Tracyanne Campbell :  On adore Nancy & Lee, mais leur façon de travailler n’a rien à voir avec nous. J’écris mes propres chansons et Danny fait de même de son côté. Ce serait stupide de ne pas exploiter les talents de chacun. Et d’un autre côté; ce serait également un peu naïf que d’écrire seulement des chansons ensemble, je pense. C’est très dur d’écrire ainsi, chacun a sa façon de faire.

Danny Coughlan : Il y a évidemment une tradition du duo, comme Sonny & Cher, ces choses là. On est plus dans une configuration comme les Pastels ou Yo La Tengo, où tout le monde dans le groupe écrit des chansons. Cela n’a rien à voir avec un groupe comme les Pixies, où Black Francis compose toutes les chansons.

Tracyanne Campbell : A vrai dire, on ne veut pas d’un groupe ! (rires)

 

Lorsque j’ai écouté pour la première fois votre album, j’ai d’abord pensé aux premiers albums de Camera Obscura, mais produit différemment, de manière plus professionnel. Qu’aviez-vous en tête comme son au départ ?

Tracyanne Campbell : Oui et non. Au départ, je voulais faire quelque chose qui ne sonne pas comme… moi (rires). Mais fatalement, cela se termine toujours comme quelque chose qui sonne comme moi. C’est inévitable ! J’ai appris à être à l’aise avec ça. J’ai toujours eu l’ambition de faire quelque chose séparément de Camera Obscura. Aller dans une direction plus sauvage, voire électronique, mais je ne saurai pas par où commencer. J’ai trouvé avec Danny, quelqu’un avec qui nous partageons des goûts similaires. Il n’y avait pas vraiment de concept au départ, on voulait surtout faire quelque chose porteur de clarté, quelque chose de positif. Qu’en penses-tu Danny ?

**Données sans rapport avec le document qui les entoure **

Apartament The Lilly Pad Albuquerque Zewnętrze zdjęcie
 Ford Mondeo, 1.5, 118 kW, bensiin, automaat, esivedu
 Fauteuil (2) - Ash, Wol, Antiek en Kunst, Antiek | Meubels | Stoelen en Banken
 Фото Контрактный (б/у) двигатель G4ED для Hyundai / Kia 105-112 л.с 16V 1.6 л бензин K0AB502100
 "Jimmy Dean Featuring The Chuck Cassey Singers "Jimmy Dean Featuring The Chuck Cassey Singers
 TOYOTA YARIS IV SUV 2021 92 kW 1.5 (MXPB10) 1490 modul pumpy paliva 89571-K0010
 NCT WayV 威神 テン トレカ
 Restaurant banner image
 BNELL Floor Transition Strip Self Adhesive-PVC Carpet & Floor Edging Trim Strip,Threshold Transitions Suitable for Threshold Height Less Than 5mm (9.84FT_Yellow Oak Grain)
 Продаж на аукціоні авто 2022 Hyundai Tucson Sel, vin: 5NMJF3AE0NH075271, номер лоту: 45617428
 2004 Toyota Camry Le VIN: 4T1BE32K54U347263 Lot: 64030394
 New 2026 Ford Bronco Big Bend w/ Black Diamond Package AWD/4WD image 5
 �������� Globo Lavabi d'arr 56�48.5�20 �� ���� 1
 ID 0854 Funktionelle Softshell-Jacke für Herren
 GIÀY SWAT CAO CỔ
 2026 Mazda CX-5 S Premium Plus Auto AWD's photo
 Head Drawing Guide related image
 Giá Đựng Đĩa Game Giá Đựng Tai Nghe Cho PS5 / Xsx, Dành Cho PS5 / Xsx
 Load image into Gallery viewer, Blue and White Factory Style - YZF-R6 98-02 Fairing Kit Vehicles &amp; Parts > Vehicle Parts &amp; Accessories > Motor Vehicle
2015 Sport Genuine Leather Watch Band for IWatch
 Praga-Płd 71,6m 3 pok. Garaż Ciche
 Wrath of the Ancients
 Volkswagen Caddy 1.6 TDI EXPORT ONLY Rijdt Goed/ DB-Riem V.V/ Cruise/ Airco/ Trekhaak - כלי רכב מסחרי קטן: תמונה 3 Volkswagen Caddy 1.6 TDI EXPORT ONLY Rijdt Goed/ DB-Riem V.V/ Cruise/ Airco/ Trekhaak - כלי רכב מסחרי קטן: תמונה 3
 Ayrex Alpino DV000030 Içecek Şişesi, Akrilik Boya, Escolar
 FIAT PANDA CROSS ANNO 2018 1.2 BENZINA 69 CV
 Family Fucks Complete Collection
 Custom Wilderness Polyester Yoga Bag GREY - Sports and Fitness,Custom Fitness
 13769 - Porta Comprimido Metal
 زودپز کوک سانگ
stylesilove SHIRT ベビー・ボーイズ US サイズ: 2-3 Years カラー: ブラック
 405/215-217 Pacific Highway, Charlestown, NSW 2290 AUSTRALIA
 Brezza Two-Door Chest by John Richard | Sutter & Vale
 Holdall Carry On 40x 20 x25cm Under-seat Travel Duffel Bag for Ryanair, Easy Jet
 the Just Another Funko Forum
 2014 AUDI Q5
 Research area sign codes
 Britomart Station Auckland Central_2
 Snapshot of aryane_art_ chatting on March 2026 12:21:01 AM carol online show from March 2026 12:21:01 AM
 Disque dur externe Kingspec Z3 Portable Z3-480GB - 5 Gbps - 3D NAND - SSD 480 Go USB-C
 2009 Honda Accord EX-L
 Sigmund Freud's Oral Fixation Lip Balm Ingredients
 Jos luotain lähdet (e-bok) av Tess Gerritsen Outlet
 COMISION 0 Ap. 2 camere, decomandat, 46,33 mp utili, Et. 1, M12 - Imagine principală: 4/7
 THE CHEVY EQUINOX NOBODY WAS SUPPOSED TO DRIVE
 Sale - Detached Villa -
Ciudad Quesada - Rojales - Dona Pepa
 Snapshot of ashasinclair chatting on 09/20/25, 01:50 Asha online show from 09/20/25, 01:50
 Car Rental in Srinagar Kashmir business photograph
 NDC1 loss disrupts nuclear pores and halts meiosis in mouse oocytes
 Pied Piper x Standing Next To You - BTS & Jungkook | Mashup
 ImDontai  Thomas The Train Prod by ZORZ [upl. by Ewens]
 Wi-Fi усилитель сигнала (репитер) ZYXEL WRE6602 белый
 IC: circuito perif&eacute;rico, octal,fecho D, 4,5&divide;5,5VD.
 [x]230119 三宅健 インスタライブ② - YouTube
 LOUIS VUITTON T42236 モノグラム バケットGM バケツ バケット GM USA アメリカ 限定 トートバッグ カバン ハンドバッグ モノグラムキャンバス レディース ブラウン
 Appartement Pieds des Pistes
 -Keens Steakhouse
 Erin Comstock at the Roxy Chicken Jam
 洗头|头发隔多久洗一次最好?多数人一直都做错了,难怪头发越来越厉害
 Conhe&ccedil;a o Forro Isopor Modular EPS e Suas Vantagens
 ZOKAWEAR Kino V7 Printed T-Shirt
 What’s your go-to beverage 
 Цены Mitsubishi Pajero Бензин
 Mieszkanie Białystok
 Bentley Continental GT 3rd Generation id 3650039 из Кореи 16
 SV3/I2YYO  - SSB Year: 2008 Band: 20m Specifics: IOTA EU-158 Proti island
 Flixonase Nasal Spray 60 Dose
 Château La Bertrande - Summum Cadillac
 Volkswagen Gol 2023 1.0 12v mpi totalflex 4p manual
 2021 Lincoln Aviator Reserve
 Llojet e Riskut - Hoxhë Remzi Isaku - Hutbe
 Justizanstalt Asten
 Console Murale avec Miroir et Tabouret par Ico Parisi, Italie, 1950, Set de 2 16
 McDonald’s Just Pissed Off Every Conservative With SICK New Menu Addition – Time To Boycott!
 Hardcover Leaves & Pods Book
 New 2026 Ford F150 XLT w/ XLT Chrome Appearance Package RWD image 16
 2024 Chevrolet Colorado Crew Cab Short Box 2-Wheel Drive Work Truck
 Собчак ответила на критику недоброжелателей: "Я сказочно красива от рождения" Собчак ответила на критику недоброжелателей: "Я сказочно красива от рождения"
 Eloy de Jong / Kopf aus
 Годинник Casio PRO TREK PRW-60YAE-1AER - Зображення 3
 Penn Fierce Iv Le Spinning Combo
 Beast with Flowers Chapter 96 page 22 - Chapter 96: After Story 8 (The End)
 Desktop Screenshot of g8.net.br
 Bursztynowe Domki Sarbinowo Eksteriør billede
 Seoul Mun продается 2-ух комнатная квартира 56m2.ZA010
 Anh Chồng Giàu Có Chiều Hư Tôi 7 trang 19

Danny Coughlan : Tout à fait. On aspirait à aller vers quelques chose de claire et simple.

Tracyanne Campbell : D’autre part comme je vous le disais, nous ne ne voulions pas de groupe. Il n’y a pas de bassiste ou de guitariste, sauf sur scène où des musiciens seront recrutés. J’ai joué beaucoup de piano lors des répétitions. Je ne suis pas une pianiste, mais je peux entendre ce que j’ai en tête et le réinterpréter de manière décente. C’est aussi pourquoi notre musique est assez simple d’une certaine manière. L’avantage c’est qu’on peut travailler très vite. On ne passe pas beaucoup de temps à enregistrer des chansons.

Danny Coughlan : C’est simple mais en même temps, on reconnaît facilement ce qu’on a envie de faire, on peut l’atteindre par nous-même.

Tracyanne Campbell : Danny et moi on peut passer la journée à discuter autour de nos influences, évoquer l’ambiance que l’on veut donner à une chanson .

Combien de temps en studio l’enregistrement de l’album a nécessité ?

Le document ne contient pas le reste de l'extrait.